(Beginning of TASK DATA)

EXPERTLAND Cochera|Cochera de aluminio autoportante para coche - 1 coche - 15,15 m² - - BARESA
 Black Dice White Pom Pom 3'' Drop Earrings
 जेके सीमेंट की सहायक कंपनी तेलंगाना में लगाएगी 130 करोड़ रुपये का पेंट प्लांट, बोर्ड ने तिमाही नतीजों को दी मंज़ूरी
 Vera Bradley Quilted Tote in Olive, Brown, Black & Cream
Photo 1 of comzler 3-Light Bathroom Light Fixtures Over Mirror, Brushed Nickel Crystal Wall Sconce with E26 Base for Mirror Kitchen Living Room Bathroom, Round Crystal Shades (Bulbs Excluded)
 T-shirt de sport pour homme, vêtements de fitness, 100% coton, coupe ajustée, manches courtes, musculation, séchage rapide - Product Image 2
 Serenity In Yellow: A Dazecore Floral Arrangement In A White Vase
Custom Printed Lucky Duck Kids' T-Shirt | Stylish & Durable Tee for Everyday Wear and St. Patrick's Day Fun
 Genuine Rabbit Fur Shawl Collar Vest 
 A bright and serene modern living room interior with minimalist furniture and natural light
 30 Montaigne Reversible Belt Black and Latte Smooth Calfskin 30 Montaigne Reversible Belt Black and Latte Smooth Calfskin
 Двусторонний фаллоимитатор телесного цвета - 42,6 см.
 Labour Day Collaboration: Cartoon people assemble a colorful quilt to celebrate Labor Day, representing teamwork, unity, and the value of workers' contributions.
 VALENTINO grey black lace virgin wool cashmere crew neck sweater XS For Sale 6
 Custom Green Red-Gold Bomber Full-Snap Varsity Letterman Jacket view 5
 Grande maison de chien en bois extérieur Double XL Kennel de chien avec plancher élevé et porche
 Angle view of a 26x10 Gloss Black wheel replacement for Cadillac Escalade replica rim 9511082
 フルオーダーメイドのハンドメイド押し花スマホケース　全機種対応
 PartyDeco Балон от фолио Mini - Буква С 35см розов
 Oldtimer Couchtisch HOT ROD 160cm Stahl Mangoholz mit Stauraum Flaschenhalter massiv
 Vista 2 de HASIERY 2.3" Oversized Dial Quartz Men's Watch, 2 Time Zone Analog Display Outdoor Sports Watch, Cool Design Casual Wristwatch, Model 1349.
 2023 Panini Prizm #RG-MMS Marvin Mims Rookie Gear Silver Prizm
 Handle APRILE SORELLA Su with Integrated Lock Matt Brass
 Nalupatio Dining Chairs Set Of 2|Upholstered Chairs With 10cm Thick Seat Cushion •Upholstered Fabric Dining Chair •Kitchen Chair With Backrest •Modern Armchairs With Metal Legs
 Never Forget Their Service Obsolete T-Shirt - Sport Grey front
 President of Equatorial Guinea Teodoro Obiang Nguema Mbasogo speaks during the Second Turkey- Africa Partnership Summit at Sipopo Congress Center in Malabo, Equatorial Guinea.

(End of TASK DATA)

DESCRIPTION OF THE TASK:
Repeat only what lies between the first line of the data and the line containing "Handle APRILE SORELLA", both of those lines included, exactly as it stands.

SOLUTION TO THIS TASK:
EXPERTLAND Cochera|Cochera de aluminio autoportante para coche - 1 coche - 15,15 m² - - BARESA
 Black Dice White Pom Pom 3'' Drop Earrings
 जेके सीमेंट की सहायक कंपनी तेलंगाना में लगाएगी 130 करोड़ रुपये का पेंट प्लांट, बोर्ड ने तिमाही नतीजों को दी मंज़ूरी
 Vera Bradley Quilted Tote in Olive, Brown, Black & Cream
Photo 1 of comzler 3-Light Bathroom Light Fixtures Over Mirror, Brushed Nickel Crystal Wall Sconce with E26 Base for Mirror Kitchen Living Room Bathroom, Round Crystal Shades (Bulbs Excluded)
 T-shirt de sport pour homme, vêtements de fitness, 100% coton, coupe ajustée, manches courtes, musculation, séchage rapide - Product Image 2
 Serenity In Yellow: A Dazecore Floral Arrangement In A White Vase
Custom Printed Lucky Duck Kids' T-Shirt | Stylish & Durable Tee for Everyday Wear and St. Patrick's Day Fun
 Genuine Rabbit Fur Shawl Collar Vest 
 A bright and serene modern living room interior with minimalist furniture and natural light
 30 Montaigne Reversible Belt Black and Latte Smooth Calfskin 30 Montaigne Reversible Belt Black and Latte Smooth Calfskin
 Двусторонний фаллоимитатор телесного цвета - 42,6 см.
 Labour Day Collaboration: Cartoon people assemble a colorful quilt to celebrate Labor Day, representing teamwork, unity, and the value of workers' contributions.
 VALENTINO grey black lace virgin wool cashmere crew neck sweater XS For Sale 6
 Custom Green Red-Gold Bomber Full-Snap Varsity Letterman Jacket view 5
 Grande maison de chien en bois extérieur Double XL Kennel de chien avec plancher élevé et porche
 Angle view of a 26x10 Gloss Black wheel replacement for Cadillac Escalade replica rim 9511082
 フルオーダーメイドのハンドメイド押し花スマホケース　全機種対応
 PartyDeco Балон от фолио Mini - Буква С 35см розов
 Oldtimer Couchtisch HOT ROD 160cm Stahl Mangoholz mit Stauraum Flaschenhalter massiv
 Vista 2 de HASIERY 2.3" Oversized Dial Quartz Men's Watch, 2 Time Zone Analog Display Outdoor Sports Watch, Cool Design Casual Wristwatch, Model 1349.
 2023 Panini Prizm #RG-MMS Marvin Mims Rookie Gear Silver Prizm
 Handle APRILE SORELLA Su with Integrated Lock Matt Brass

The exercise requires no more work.